WHAT THE TASK ASKS: Here is the task for the records below: repeat exactly the lines from the one with "Printed lehenga set (Set of 4)" to the one with "Parcela st. 364/12", both included, and nothing else.

RECORDS:
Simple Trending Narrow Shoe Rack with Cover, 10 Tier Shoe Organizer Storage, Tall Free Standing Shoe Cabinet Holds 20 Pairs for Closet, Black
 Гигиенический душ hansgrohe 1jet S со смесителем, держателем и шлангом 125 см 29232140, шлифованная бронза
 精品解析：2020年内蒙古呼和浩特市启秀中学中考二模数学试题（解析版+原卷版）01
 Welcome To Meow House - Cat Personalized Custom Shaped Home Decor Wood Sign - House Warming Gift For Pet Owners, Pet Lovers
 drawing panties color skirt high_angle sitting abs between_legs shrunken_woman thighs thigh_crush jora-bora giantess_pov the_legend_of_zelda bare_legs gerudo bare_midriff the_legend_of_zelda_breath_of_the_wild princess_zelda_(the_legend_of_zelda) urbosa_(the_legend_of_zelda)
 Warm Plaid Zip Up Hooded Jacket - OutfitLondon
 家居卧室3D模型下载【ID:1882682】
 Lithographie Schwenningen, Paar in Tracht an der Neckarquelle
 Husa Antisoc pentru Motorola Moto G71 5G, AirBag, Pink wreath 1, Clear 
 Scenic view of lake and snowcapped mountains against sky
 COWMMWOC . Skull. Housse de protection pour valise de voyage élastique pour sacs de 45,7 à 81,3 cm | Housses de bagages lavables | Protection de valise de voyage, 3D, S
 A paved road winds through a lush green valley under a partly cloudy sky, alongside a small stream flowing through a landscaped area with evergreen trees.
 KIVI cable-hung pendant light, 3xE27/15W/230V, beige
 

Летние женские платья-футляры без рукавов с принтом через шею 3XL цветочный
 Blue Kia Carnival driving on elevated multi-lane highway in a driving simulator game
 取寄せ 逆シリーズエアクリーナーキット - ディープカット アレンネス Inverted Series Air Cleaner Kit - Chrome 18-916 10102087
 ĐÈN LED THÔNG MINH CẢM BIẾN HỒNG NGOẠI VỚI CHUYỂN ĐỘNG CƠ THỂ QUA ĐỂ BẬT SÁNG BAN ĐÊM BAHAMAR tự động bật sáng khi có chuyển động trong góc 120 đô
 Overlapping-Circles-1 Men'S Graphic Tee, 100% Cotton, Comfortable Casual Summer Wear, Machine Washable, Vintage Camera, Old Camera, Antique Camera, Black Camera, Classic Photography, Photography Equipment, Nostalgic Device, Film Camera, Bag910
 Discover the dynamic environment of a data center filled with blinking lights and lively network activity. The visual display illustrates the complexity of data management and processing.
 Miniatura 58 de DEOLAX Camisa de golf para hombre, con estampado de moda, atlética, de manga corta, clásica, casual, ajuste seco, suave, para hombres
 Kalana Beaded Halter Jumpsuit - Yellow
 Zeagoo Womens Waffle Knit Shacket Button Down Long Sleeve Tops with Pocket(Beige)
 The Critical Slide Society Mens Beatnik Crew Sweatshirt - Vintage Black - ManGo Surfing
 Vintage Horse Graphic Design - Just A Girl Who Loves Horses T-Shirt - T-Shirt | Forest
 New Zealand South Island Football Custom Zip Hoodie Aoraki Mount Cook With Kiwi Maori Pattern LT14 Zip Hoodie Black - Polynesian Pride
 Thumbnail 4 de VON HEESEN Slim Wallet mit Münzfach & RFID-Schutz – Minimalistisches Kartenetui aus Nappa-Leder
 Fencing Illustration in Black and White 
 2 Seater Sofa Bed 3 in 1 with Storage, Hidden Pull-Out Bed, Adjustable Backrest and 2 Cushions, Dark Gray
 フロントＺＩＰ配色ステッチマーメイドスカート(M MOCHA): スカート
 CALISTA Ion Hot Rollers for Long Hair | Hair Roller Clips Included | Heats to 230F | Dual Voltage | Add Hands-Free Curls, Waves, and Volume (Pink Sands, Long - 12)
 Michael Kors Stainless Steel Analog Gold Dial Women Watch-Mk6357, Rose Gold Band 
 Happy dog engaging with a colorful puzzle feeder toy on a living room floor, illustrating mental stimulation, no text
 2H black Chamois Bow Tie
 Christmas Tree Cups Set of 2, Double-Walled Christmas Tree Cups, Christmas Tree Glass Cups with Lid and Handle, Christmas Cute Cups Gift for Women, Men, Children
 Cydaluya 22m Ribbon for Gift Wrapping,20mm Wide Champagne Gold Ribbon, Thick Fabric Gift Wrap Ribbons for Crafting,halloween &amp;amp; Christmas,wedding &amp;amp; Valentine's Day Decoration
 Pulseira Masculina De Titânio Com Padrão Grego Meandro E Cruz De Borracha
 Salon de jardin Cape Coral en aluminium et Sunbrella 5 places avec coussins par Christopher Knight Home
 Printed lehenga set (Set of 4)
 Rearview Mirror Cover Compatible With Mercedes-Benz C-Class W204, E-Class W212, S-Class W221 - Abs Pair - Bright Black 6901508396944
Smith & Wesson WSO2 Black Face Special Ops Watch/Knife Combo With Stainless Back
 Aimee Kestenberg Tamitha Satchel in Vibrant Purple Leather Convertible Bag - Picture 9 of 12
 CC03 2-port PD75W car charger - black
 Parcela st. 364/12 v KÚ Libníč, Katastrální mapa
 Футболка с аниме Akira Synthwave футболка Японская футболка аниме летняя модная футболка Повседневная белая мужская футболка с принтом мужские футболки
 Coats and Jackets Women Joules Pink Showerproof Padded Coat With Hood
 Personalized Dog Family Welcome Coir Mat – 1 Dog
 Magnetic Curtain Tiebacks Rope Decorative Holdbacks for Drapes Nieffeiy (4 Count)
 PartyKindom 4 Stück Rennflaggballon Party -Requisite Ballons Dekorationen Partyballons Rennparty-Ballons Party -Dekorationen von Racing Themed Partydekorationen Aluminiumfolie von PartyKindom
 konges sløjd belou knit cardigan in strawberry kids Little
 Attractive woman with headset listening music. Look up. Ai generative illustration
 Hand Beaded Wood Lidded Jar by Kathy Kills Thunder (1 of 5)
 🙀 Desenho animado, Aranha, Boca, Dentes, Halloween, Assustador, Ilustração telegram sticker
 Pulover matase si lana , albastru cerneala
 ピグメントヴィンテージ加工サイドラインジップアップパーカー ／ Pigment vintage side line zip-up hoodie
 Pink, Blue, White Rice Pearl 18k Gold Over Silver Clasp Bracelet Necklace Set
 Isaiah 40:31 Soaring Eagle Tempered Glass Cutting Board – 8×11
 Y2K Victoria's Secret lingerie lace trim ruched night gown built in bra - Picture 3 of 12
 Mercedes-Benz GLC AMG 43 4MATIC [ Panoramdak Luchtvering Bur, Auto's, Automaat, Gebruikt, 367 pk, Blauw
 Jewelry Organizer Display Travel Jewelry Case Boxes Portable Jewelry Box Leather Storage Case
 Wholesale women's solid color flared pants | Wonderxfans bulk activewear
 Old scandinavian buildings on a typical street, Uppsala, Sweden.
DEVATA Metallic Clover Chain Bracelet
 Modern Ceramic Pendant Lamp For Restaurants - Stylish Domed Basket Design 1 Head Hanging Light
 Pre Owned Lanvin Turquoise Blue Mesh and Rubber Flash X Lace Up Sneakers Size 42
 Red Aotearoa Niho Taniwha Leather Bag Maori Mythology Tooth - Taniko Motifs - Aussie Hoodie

EXERCISE SOLUTION:
 Printed lehenga set (Set of 4)
 Rearview Mirror Cover Compatible With Mercedes-Benz C-Class W204, E-Class W212, S-Class W221 - Abs Pair - Bright Black 6901508396944
Smith & Wesson WSO2 Black Face Special Ops Watch/Knife Combo With Stainless Back
 Aimee Kestenberg Tamitha Satchel in Vibrant Purple Leather Convertible Bag - Picture 9 of 12
 CC03 2-port PD75W car charger - black
 Parcela st. 364/12 v KÚ Libníč, Katastrální mapa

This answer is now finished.